Quand une marque vaut mieux que trois…
...ses ventes ?
L'année du bac, notre professeur de mathématiques (Longwy, Meurthe et Moselle, 1964) avait écrit au tableau "une bonne question vaut mieux que trois mauvaises". Il voulait dire "une bonne réponse", bien entendu : il arrive que la sagesse passe avant le vocabulaire, en Lorraine comme ailleurs. Et la sagesse dit que l'efficacité n'a rien à voir avec la précipitation ou, pire, l'improvisation. Ainsi en est-il aujourd'hui (Europe, 2006) dans l'automobile comme en mathématiques. Par exemple, le multimarquisme n'est pas une panacée. C'est la meilleure opportunité pour les vrais entrepreneurs de la distribution, mais ceux qui ont tenté l'expérience n'ont pas toujours obtenu le succès qu'ils escomptaient, faute d'avoir fait des choix judicieux. Le pragmatisme doit prévaloir, comme toujours. Mais certaines hypothèses, a priori condamnées à l'échec, peuvent être écartées d'emblée par la plupart des distributeurs, précisément au moment où le multimarquisme va décoller. Alors, une bonne marque vaut mieux que trois mauvaises ? Il y a de cela. Merci, monsieur le professeur…

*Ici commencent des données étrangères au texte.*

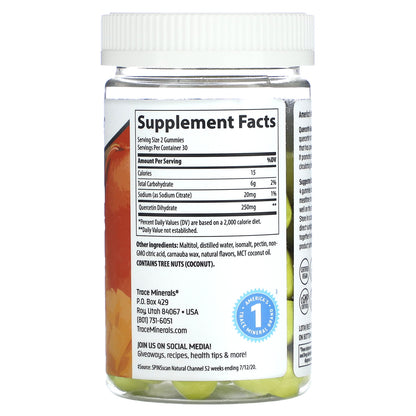 Trace, Quercetin Gummies, Mango, 250 mg, 60 Gummies (125 mg per Gummy)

Un boulet à chaque pied pour courir plus vite ?
Il y a encore, sur le marché, des marques en phase critique indiscutable, mais dont l'avenir est incertain : elles vont vite disparaître ou crevoter longtemps, selon le cas. Il faut évidemment les fuir comme la peste, et s'en libérer si on en est affligé. On aurait du mal à le croire, mais il y a des distributeurs qui collectionnent les marques sans avenir, en imaginant que l'offre de deux ou trois gammes d'objets invendables pour des raisons différentes fera courir les foules. C'est la forme de multimarquisme qui s'est développée le plus tôt, les marques en question n'étant pas très exigeantes, bien entendu. A ce stade, mieux vaut être le concessionnaire monomarque le plus traditionnel qui soit, mais qui représente une marque digne de ce nom. Au lieu de se faire des ennemis en piégeant le client, il aura au moins constitué un parc auquel il pourra s'adresser par la suite, quelle que soit la suite en question. Dans l'échelle des multimarquismes à proscrire, le cas suivant est celui du distributeur monomarque qui travaille avec succès, mais qui souhaite aller vers le multimarquisme à tout prix, parce qu'il a compris que l'avenir est là. S'il ajoute une gamme médiocre à celle qu'il vend déjà, passe encore. Mais s'il choisit une marque repoussoir, il ne fera que devenir moins efficace qu'avant… bref, il faut savoir choisir les marques qu'on veut vendre (et ceci n'est une évidence que pour une minorité d'opérateurs), la première règle étant de vendre des marques directement concurrentes entre elles et suffisamment intéressantes pour le consommateur. Sans oublier qu'il y a des exceptions.
Et le multimarquisme de groupe ?
Vaut-il mieux vendre, par exemple, Ford et Mazda ou Ford et Opel ? Ou encore : Volkswagen et Audi ou Volkswagen et Toyota ? Deux marques appartenant à un même groupe peuvent, à un moment donné, être une solution commerciale satisfaisante pour un concessionnaire. Mais cette formule présente l'inconvénient de lier davantage le distributeur au constructeur, sauf dans le cas de certains groupes de distribution déjà multimarques. En revanche, une solution VW & Toyota, par exemple, offre un vrai choix à la clientèle tout en permettant au distributeur de conquérir plus d'autonomie par rapport aux constructeurs, en particulier lorsque l'un d'entre eux subit un cycle produit négatif. Nous oserions même affirmer que la solution monomarque pourrait être préférable au multimarquisme de groupe, dans la mesure où elle nécessiterait moins d'investissements, laissant une marge de manœuvre au concessionnaire pour des développements successifs : n'oublions pas, par exemple, que le règlement européen autorise un constructeur donné à exiger que ses marques soient exposées dans des locaux séparés. Dans tous les cas de figure, une autre question se pose pour un concessionnaire, avant de passer au multimarquisme : celle de sa capacité à gérer plus d'une marque. Il ne suffit pas d'avoir été concessionnaire pendant une vie, ni même d'avoir vendu plus d'une marque : il faut être prêt à adopter d'autres règles du jeu, à commencer par un autre type de relation avec cette puissance tutélaire qu'est encore le constructeur. Dans un certain sens, c'est un autre métier.